Above: Pictures of the Rivas family, hunting in Namibia.

Top Gemsbok Trophy

We already shared this special trophy in the previous Newsletter. It is the top trophy in Uitspan's history.

Mr. Orlando Rivas was the lucky hunter. It will be the new Namibia nr.2 Gemsbok. The Namibia nr.1 Gemsbok scored a total of 281cm. This one scored 278cm. It means a difference of 3 cm on the total. The longest horn measured 47.5 inches.

Indeed a once-in-a-liftime trophy.

Big gemsbok hunt Kalahari, Namibia

Above: The Rivas family with Orlando's special Gemsbok.

In the next issue of our Newsletter, we'll share hunting pictures of

  • Terry and Kay Hoitink from USA
  • Gené and Erin Braaksma from USA
We took Terry and Kay to Kgalagadi Transfrontier Park and Gené and Erin to Etosha. So many special pictures were taken. We have to leave those for the next issue.

From the PH...

You Have to Think Like a Jackal!
Kalahari Hunting, Namibia

"My grandfather, my father, myself and now also my son grew up in a world where you have to be on the lookout for tracks... predator tracks. You have to be able to identify and analyze immediately: when and how long has it been here? Where does it come from, where is it going, how dangerous is it and what damage can it do?

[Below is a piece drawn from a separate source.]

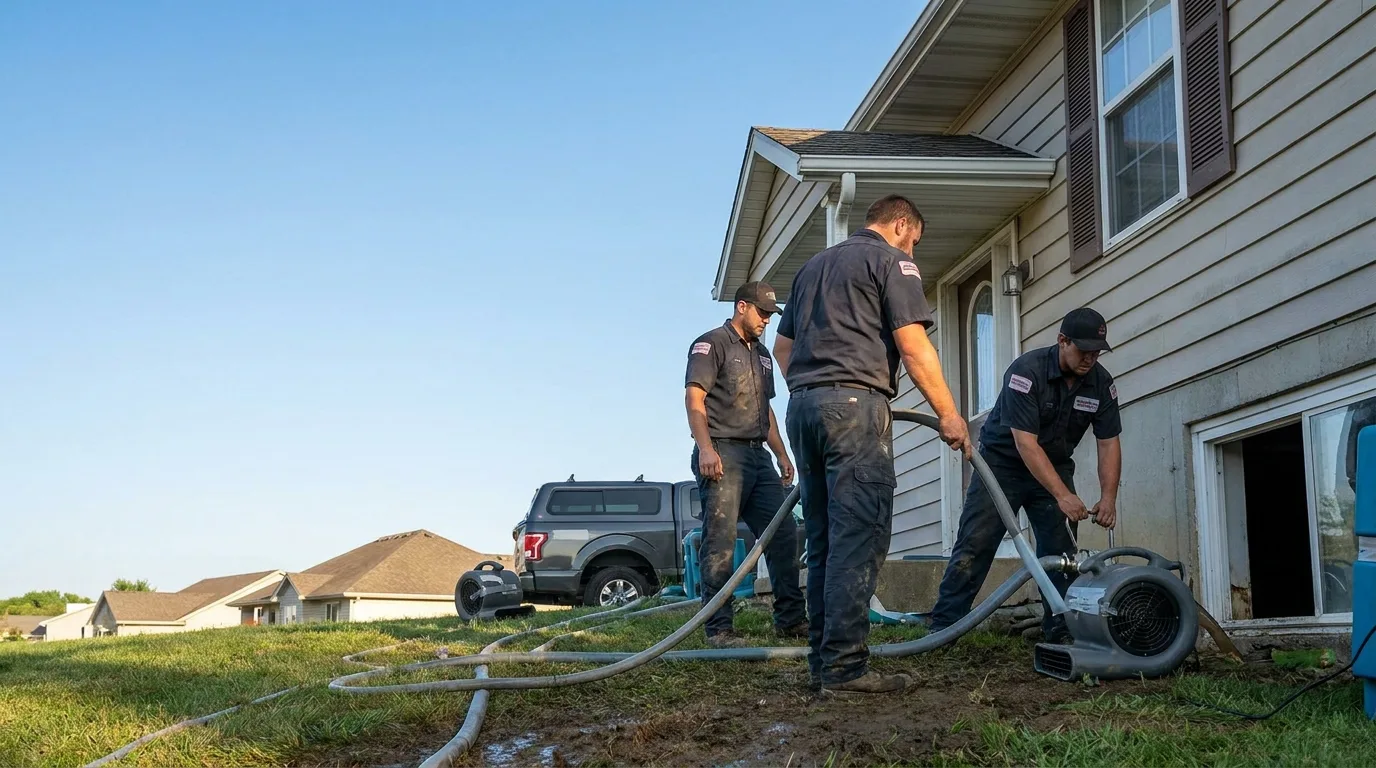 Water Removal in Bear Creek, PA near me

Then you have to eliminate and it must be done effectively. But because not two incidents are the same, it usually takes a lot of organization, determination, perseverance, good tactics and an endless resource of knowledge and experience. The main ingredient of the recipe is what my father taught me: If it is a jackal, you have to think like a jackal and if it is a lion, you have to think like a lion.

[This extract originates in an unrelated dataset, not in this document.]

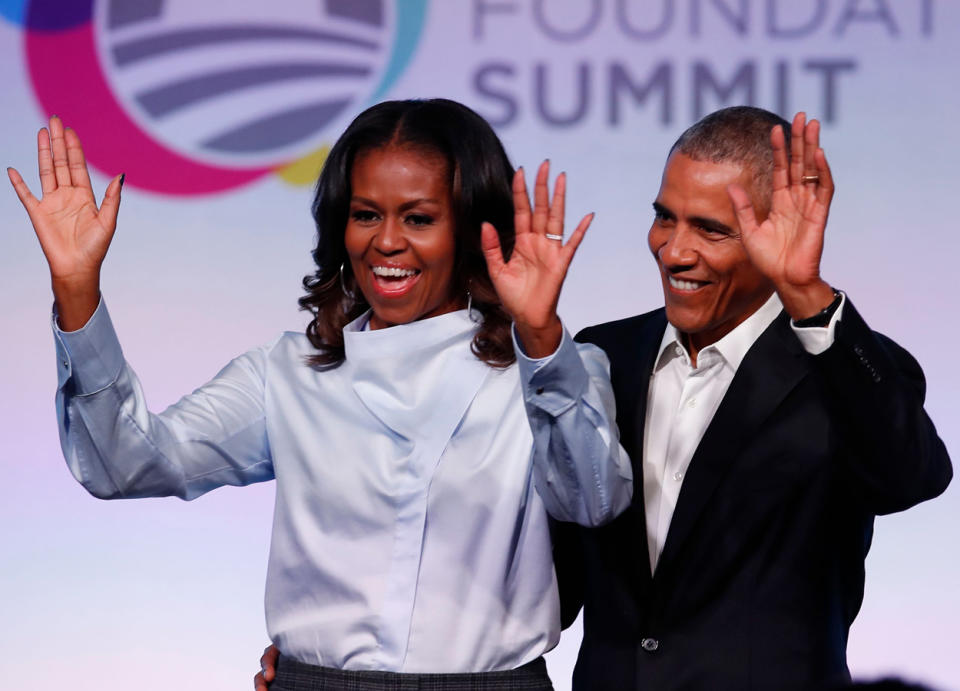 <p>Um die Künstlerin gebührend zu feiern, meldeten sich sogar Ex-Präsident Barack Obama und seine Frau Michelle per Videobotschaft zu Wort.<br>(Foto: Getty Images) </p>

When you're young you wonder: how does a jackal think? All I knew was what my father thought of a jackal and what all the other farmers thought of a jackal and every other thief who catches their sheep. It doesn't matter if the thief had four or two legs, if he stole and left a track, he will be tracked. And then he must watch his steps!

I remember a jackal hunt of three days long. It lasted from sunrise till sunset with an entourage of vehicles, trackers, horses, ponies and dogs. To stay on the tracks of the sliest animal on earth, leaving a track smaller than an average dog, every day for between 30 and 80 kilometers (± 18 to 50 miles), can test your perseverance. Like my brother in law usually says, "It makes the bravest man yellow."

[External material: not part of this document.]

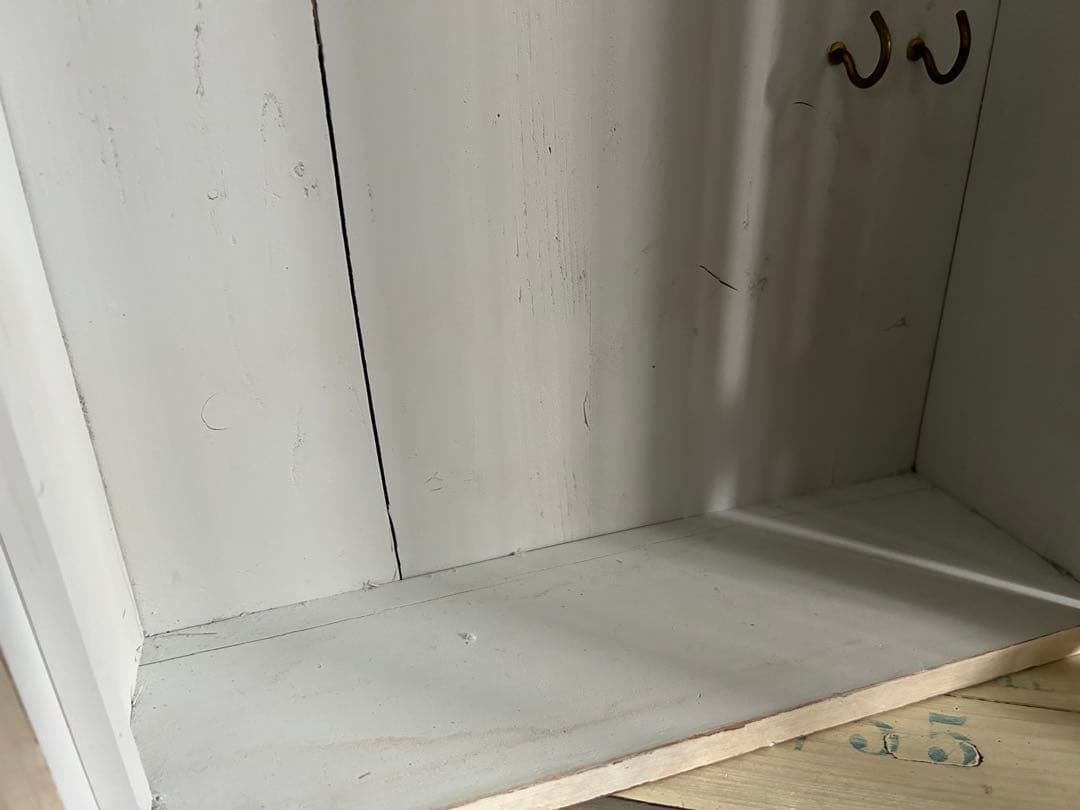 大幅値下げ！アンティーク　小家具　ガラスケース　キーケース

It reminds me of a story of late Jan Spies (a legendary storyteller of Namibia) about a jackal hunt of long ago (with only horses and dogs). The farmer started on the tracks of the jackal very early that morning and as he crossed into other farms, more farmers and dogs were added to the hunt. The problem with all the dogs was that they were all kinds of breed and then also a mixture of bitches and males. And on this specific day there was a bitch on heat. And that was the start of the end. When the jackal appeared, all the dogs went after it. The horses, who were very tired and footsore at that stage, could not keep up. The hunters had to ask from farm to farm as they travelled where they had last seen the jackal and the dogs. That was when one farmer remarked: ‘Yes, they all passed here a while ago, but what was strange was that the jackal was the second last one.'

Back to the term thinking like a jackal. You can only do that by hunting many jackals or what kind of predator it might be.

So it happened on 15 December 2011 that Jan-Hendrik junior and I found ourselves on the track of our arch enemy. My uncle, Flash, told me the previous day that he came upon a lair of a whole jackal family. They were on our other farm, bordering his. The female and three young ones were killed after they had killed a view sheep. The male was still on the loose, but Flash could not look for him because he had to go into town the next day.

Bad news! One jackal on a farm is one too many and with the thought of 5 jackals on my farm, I did not get much sleep. That four were dead, were of little consolation because one left is one too many. We knew that the male would come back to the lair for the rest and thus knew that the next day would be D-day.

With Flash away for the morning, and my father in Windhoek, the only ones left were Jan-Hendrik and I as well as three trackers. I was on a quad bike with my CB radio and Jan-Hendrik (9 years of age) behind the wheel of my Land Cruiser. He has been driving since he was six years old and was my right hand on many trophy hunts, but this was another cup of tea. He would have to stay with me, follow my orders closely, organize the hunt from his side and by means of the CB radio help to coordinate the lot. Today would be his initiation so to speak.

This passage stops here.